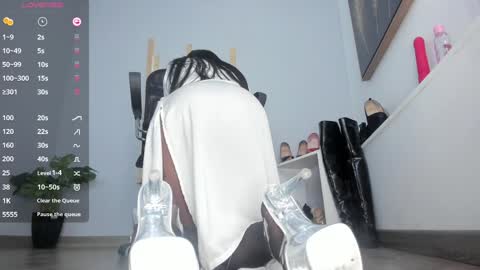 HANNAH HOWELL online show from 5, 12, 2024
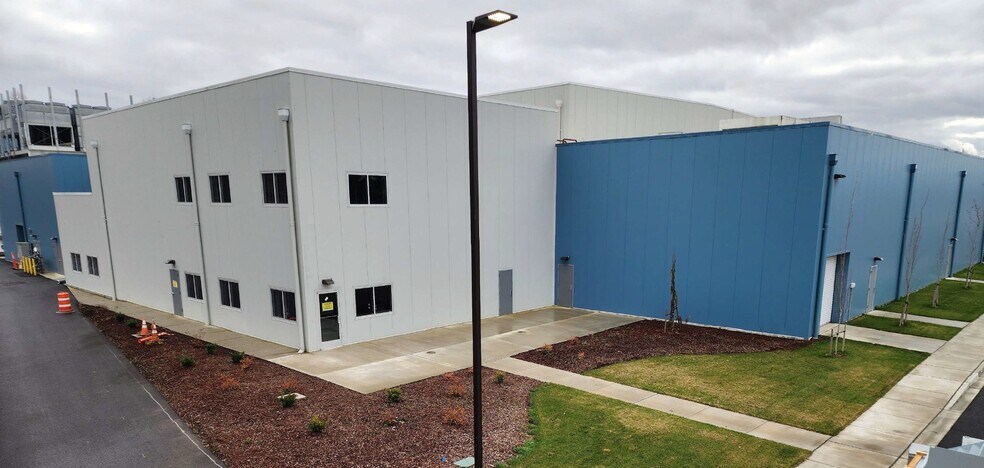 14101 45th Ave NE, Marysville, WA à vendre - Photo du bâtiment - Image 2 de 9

◇ ◇ ◇ ◇

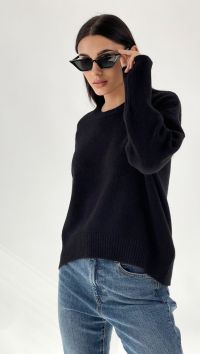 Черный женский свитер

◇ ◇ ◇ ◇

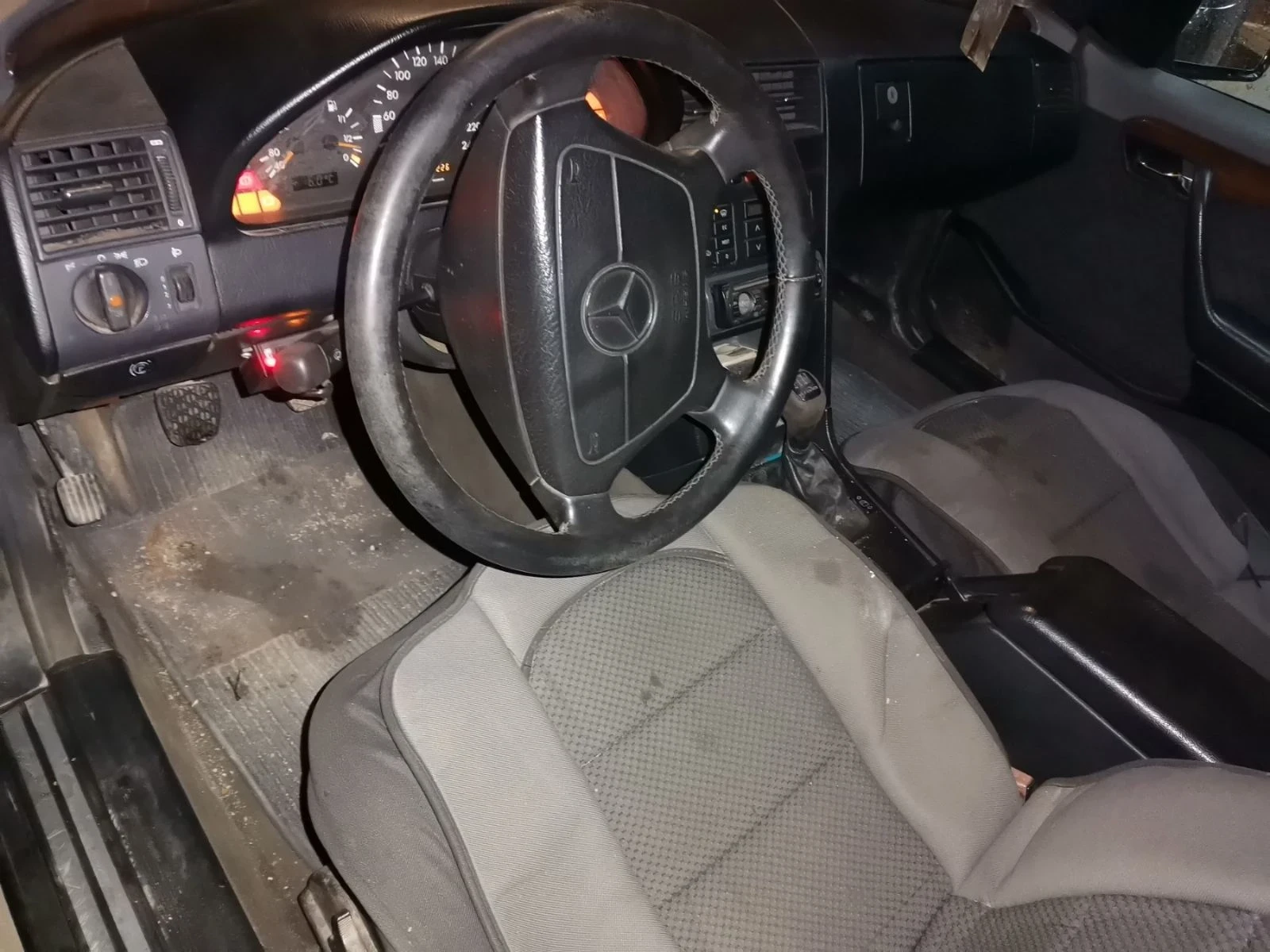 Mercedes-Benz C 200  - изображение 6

◇ ◇ ◇ ◇

Copy back exactly the lines above from the one containing "HANNAH HOWELL online show from 5, 12, 2024" through the one containing "14101 45th Ave", and leave every picture behind.

*Expected answer*:
 HANNAH HOWELL online show from 5, 12, 2024
 14101 45th Ave NE, Marysville, WA à vendre - Photo du bâtiment - Image 2 de 9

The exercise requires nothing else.